You’re listening English as a Second Language Podcast episode 116. I’m your host, Dr. Jeff McQuillan, coming to you from the Center for Educational Development in beautiful Los Angeles, California.

The topic of today’s podcast is going to be travelling, and specifically, travelling for the holidays. Let’s go!

[start of story]

It's hard to avoid traveling over the holidays, but the experience I had last week really takes the cake.

I flew back to Tucson, Arizona to be with my wife's family, as we do every Christmas. I got to the airport an hour and a half before my flight, which I thought would be plenty of time. When I got there, though, I saw that the security line was out the door. Because it was the holidays, people were traveling with a lot of extra packages. It took twice as long as it normally would to get to the front of the line. When I finally got to the gate, I found out that my flight had been oversold. The gate agent was looking for people to voluntarily give up their seats for a later flight in exchange for a $100 travel voucher. If she didn't get enough volunteers, she would have to bump people from the flight. Luckily, several people took her up on the offer and the rest of us boarded.

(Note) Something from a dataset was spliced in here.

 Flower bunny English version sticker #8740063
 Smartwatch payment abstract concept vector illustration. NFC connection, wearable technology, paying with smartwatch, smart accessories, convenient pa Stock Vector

What a hassle! I love the holidays, but I don't love holiday travel.

[end of story]

We’re talking today about travelling, and specifically, about flying in an airplane. The title of our podcast is “Holiday Travel.” “Holiday” (holiday) means something different in the United States than in Great Britain. In American English, a “holiday” is usually an official day that the government says you don’t have to work. So, that would be a day like Independence Day, the 4th of July, or Christmas, or New Year’s Day – these are all official holidays. In Great Britain, a “holiday” is a vacation – what we would call in the United States, a “vacation” – where you go away somewhere with your family for two weeks. Now, you can take a vacation in addition to your holiday, but in the United States, “holiday” doesn’t mean a vacation necessarily. It just means a day that you don’t have to work. Now, in December we have the Christmas holiday. There are some who celebrate Hanukkah in the Jewish calendar and there are, of course, New Year’s Day celebrations. So, the “holidays” – when someone uses that plural, at least in the United States, they mean the Christmas, Hanukkah, New Years – that whole time is called the holidays. In fact, some people even include Thanksgiving, Thanksgiving Day, at the end of November as the beginning of the holidays.

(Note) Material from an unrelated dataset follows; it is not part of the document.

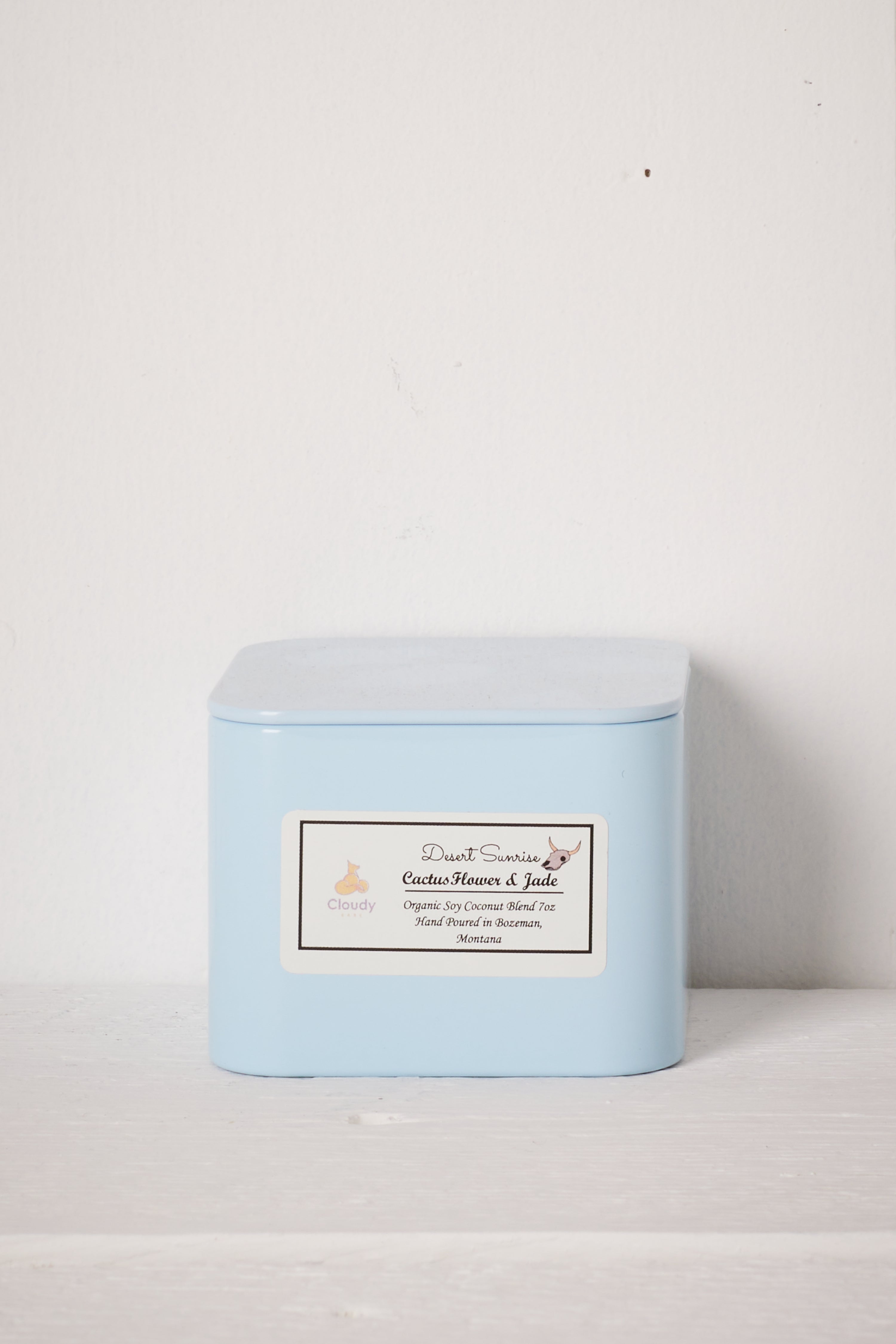DESERT CACTUS CANDLE - CACTUS FLOWER AND JADE
( BABY BLUE TIN)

Well, we are talking about holiday travelling and we begin by saying that “it’s hard to avoid travelling over the holidays.” “It’s hard to avoid” means, of course, it’s difficult not to do something. And with that particular expression – “it’s hard to avoid” – the verb that comes after is in the “ing” form. So, “it’s hard to avoid travelling.” “It’s hard to avoid talking to my sister.” “It’s hard to avoid paying your taxes.” “It’s very hard to avoid dying.” So, these are all things that take the “ing” – verbs that take the “ing.”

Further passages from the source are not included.